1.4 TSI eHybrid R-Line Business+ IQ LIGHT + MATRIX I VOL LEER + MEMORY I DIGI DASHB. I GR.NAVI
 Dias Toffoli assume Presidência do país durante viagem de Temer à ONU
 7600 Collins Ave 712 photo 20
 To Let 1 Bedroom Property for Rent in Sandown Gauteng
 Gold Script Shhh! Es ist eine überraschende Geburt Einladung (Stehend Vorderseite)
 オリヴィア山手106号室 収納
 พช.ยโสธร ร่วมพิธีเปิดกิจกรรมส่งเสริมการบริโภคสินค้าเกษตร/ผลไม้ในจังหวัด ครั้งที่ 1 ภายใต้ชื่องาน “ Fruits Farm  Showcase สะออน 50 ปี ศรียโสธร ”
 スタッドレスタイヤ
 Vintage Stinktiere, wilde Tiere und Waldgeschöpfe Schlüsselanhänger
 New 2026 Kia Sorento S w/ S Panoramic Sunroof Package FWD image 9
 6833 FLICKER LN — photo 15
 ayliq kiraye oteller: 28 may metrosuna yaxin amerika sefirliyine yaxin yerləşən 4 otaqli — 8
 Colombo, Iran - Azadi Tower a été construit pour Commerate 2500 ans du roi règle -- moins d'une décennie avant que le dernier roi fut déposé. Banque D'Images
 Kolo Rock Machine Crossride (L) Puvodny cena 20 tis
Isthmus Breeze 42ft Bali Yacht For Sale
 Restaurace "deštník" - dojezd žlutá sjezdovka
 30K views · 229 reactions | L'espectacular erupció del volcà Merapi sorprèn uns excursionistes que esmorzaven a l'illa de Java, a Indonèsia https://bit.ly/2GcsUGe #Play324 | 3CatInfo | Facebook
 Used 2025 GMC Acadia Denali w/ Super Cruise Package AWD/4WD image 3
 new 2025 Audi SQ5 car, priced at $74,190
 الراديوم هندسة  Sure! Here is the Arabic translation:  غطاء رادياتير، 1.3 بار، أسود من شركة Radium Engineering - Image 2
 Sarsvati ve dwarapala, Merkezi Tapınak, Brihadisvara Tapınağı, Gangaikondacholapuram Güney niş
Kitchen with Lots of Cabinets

Directions:
Give only the number of lines in the data that hold the word "Package".

Response box:
2